The vision of CerTest is realised through four flexible and highly interlinked and interdependent Research Challenges (RC1‐RC4), utilising a multiscale approach drawing on the expertise highlighted by the Themes (T1‐T3).

Fig. 1 Interconnection of Research Challenges (RCs) and Themes (Ts) leading to impact.

RC4 aims to create a step change in integration of data‐rich experimental procedures and predictive statistical and multi‐scale computational models by developing data processing and a closed input/feedback loop based on novel Bayesian Learning and Design of Experiments (DoE) techniques. RC4 is strongly inter‐linked with RC1RC3. RC4 will inform data collection strategies in the other RCs, and receive from them: data to inform multi‐scale statistical models (RC1), parametric descriptions and distribution functions of critical features and defects (RC2), and experimental design and performance data (RC3) in a closed input/feedback loop.

Background and Motivation

RC4 provides the principal route of delivery for the overall vision of the PG. To achieve this, fundamental scientific breakthroughs are required that will be delivered in each of RC1, RC2 and RC3. However, the overarching vision of the PG and truly transformative scientific research on integration of multi‐scale models with test data can only be achieved via addressing the key methodological challenges in RC4. Thus RC4, integrated and inter‐related with RC1‐RC3, is the prerequisite for the development and validation of the envisioned science‐based composite aero‐structure design and verification capability. This in turn provides the foundation for a new science‐based approach at TRL1‐3 to ‘certification for design’ achieved through reshaping and reduction of the conventional ‘testing pyramid’, and hence provides the basis for impact and industrial uptake at TRL4‐6 (see ‘Pathways to Impact’).

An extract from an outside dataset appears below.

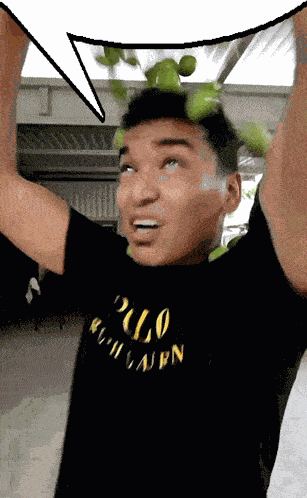 a man wearing a black polo ralph lauren t-shirt holds up his arms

The testing pyramid is currently used to prove airworthiness to define the performance structural integrity of composite aero‐structures using a building block approach. The premise is that conservative allowable strength limits of statistically independent and mostly small parts or elements of a composite aero‐structure (mainly coupons) is combined with knock‐down factors to define performance at the higher component/sub‐structure levels. Such a strategy is globally sub‐optimal and leads to inadequate uncertain‐ty quantification, and overly conservative design decisions regarding performance probability of failure. Design freedom is restricted as the procedure does not account for elements that may improve performance but cannot be assessed at coupon level, and the effect of manufacturing features cannot be adequately represented. The outcome is an inefficient structure carrying significant weight penalty with a corresponding increase to materials usage, increased fuel consumption and reduced payload capacity.

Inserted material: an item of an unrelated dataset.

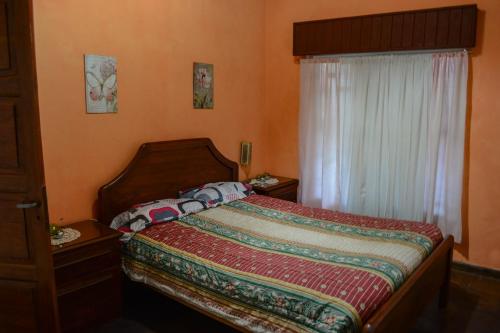 ein Schlafzimmer mit einem Bett mit einer bunten Decke darauf in der Unterkunft CASA LA QUEBRADA in Cordoba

RC4 facilitates the new approach to certification by defining the necessary methods and tools for a holistic approach to the fusion of physical and computational data from the view point of decision‐theoretic statistical Design of Experiments (DoE)63. To achieve this, following the principles outlined in WP4.1 below, experimental and computational resource will be allocated to maximally increase information content as predicted by the current state of knowledge derived from the multi‐scale modelling across different physical scales (e.g. meso‐scale features through to macro‐scale composite structures), different data types (e.g. full field imaging data, ultrasound, X‐ray, etc.), and different modelling resolutions. Experimental data provided by RC2 and RC3 will be used in a Bayesian way to calibrate and validate the models in RC1 and used to inform DoE. Hence, modelling will inform and refine data collection in the PG.